Friday, November 16, 2007

Beowulf

You remember me. I was the kid in your high school class who actually enjoyed reading Beowulf. I was the one who was apt to say something like, "With my grip I will grapple the gruesome beast!" at odd moments or talk about the time we took a vacation and saw the whale road.

And something I enjoyed before I ever got to high school was 3-D movies. When I was a kid, the theaters in Mexia, Texas, weren't equipped to show 3-D, but I was lucky enough to see a few of the movies, anyway. My aunt took me to Dallas on my birthday to see
It Came from Outer Space. I saw Fort Ti while we were in Galveston on vacation. My parents took me to Waco to see Sangree. I saw House of Wax and The Murders in the Rue Morgue in Ft. Worth on a school trip.

So was I going to pass up a chance to see the new 3-D version of Beowulf? Not on your life. I couldn't get to an IMAX theater, but I did find one nearby that was showing the film in digital 3-D, and that's where I went.

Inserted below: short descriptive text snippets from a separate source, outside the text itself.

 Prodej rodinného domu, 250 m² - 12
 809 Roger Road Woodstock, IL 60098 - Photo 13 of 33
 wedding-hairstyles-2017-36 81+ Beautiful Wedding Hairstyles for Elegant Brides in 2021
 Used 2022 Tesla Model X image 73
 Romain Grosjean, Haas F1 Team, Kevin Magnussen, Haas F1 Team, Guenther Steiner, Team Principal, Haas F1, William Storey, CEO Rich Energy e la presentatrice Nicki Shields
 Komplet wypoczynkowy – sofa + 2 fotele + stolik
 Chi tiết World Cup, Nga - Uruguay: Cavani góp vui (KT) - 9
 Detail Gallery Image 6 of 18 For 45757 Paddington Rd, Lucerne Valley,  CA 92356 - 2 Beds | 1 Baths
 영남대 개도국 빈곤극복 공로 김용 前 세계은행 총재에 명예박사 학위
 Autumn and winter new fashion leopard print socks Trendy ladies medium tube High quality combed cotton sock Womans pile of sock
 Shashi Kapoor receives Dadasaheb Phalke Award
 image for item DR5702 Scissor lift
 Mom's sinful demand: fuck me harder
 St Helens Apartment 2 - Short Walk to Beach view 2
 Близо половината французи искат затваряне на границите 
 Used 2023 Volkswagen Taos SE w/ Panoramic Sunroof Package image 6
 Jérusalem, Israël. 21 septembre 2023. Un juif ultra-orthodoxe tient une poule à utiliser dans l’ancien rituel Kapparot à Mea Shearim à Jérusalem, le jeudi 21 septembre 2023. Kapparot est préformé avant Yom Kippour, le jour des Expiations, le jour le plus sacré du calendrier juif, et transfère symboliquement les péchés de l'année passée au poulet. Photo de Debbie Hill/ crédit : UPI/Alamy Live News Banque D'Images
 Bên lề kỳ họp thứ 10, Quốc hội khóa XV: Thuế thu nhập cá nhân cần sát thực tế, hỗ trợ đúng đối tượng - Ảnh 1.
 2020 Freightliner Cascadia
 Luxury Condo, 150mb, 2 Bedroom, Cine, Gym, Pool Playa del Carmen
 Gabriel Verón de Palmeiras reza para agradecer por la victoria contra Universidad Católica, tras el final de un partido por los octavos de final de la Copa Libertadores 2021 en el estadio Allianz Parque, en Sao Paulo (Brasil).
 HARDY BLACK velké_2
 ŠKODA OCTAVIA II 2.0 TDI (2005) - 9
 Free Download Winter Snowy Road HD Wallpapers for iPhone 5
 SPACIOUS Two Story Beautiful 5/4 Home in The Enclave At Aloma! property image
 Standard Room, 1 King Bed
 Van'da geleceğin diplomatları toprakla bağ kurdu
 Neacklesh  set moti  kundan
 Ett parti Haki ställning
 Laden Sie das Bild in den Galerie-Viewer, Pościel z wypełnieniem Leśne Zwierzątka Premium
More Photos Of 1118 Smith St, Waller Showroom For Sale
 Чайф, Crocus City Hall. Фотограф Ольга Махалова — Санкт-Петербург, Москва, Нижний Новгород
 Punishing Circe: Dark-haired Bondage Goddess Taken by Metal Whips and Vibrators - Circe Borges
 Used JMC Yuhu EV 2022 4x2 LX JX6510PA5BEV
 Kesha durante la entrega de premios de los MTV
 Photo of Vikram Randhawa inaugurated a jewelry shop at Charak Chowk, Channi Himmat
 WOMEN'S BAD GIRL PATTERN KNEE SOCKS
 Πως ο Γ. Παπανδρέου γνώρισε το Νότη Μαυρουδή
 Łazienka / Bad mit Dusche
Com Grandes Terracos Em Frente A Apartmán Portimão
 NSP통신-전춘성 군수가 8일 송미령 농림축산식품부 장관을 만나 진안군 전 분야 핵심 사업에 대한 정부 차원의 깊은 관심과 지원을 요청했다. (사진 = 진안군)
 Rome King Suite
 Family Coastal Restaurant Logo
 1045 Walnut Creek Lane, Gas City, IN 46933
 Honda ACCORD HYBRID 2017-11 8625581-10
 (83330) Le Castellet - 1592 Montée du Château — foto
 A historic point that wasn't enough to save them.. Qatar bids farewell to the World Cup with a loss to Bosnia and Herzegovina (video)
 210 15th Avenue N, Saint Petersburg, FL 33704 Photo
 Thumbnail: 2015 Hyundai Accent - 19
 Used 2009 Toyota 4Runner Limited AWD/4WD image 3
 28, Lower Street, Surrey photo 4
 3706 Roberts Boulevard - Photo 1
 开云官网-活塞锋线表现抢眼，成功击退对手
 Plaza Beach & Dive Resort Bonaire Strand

Let's talk about the story first. Yes, they changed it. I guess I know why. The Beowulf of the poem is too purely heroic. He has his flaws, but they're minor ones, and that will never do in this modern, cynical age. So we get a guy who makes a major blunder. Personally, I like the old way better, but that's just me. And while the fight with the dragon in the movie is thrilling, probably the best thing in the picture, I think the final section of the poem, with the old king doing what a man has to do, with the faithful Wiglaf backing him up, says a lot more about love, duty, friendship, and honor than you'll find in a hundred movies like this one. But that's just me.

Now about that 3-D. It's awesome. Great. Wonderful. I loved it. Why anybody would see this movie in any other format is beyond me. It won't be half as good. Not one-fourth. The visual effects carry you over the slow spots, and some of them are truly eye-popping.

Which reminds me. There's a lot of eye-popping in this movie, not to mention gore of many other sorts. It's over-the-top violent, and how it ever got a PG-13 rating, I'll never know. Except that violence doesn't bother the ratings board. It's nudity they hate. Well, you've got Angelina Jolie (or a representation of her) fully frontally nude here. No nipples, though, so I guess that's what saved them. She Grendel's mother, and while she doesn't have cloven hooves, she does have, well, you'll just have to see for yourself.

And you really should. See for yourself that is. If you like 3-D, you can have a good time with this one, in the same way you can with The Vikings or The Long Ships or even another Beowulf movie, The 13th Warrior. Check it out.

6 comments:

Todd Mason said...

Inasmuch as they display Grendel's mother's feet in the trailers and tv ads, and the sheer poverty of imagination inherent in having her feet be Come [Have Sexual Intercourse with] Me painful high heels (as I've noted elsewhere, no wonder she's grumpy) has been one of the factors chasing me away so far, particularly with all the more promising films out now (Zemeckis goes HEAVY METAL with the 'Wulf! No, no, no.). But my Jolie-crushing housemate definitely militates for seeing it. Will take your 3D rec seriously.

TM said...

And then there was the Canadian tv film, BEOWULF AND GRENDEL...along with the cartoon of John Gardner's GRENDEL, released as GRENDEL GRENDEL GRENDEL GRENDEL, we almost have enough for a very strange marathon at a given geek's house.

Bill Crider said...

You have to keep in mind that I'd go see a movie based on Family Feud starring Richard Dawson if it was in 3-D.

Fred Blosser said...

I liked it a lot, Bill. The PG-13 rating is about right -- let's face facts, who better to appreciate scenes of mead-quaffing, head-cleaving, Angelina Jolie naked, and monster dismemberment than 13 year old boys? If they taught "Beowulf" and "The Iliad" this way in high school, betcha a lot more kids would groove on literature. The 3D was truly impressive, leaps ahead of the last go-round in the '80s with Tony Anthony's spaghetti western, "Comin' at Ya." Trivia note: the movie's assistant director was Josh McLaglen -- son of Andrew and grandson of Victor.

Bill Crider said...

Thanks for the trivia note, Fred, and this 13-year-old liked it a lot, all right. The thing about teaching the poem that way is that as much as teachers like to use movies, this one might get them in trouble. Might be worth a try, though.

atcampbell said...

I just saw this film in Digital 3D in Austin. The fight with the dragon at the end was nifty, but otherwise this was the most boring use of 3-D ever. It was mostly talking heads of people in brown clothing in poorly lit rooms. The Grendel monster was pathetic. This film was more boring than the Brad Pitt Troy film. I even enjoyed Jaws 3-D more.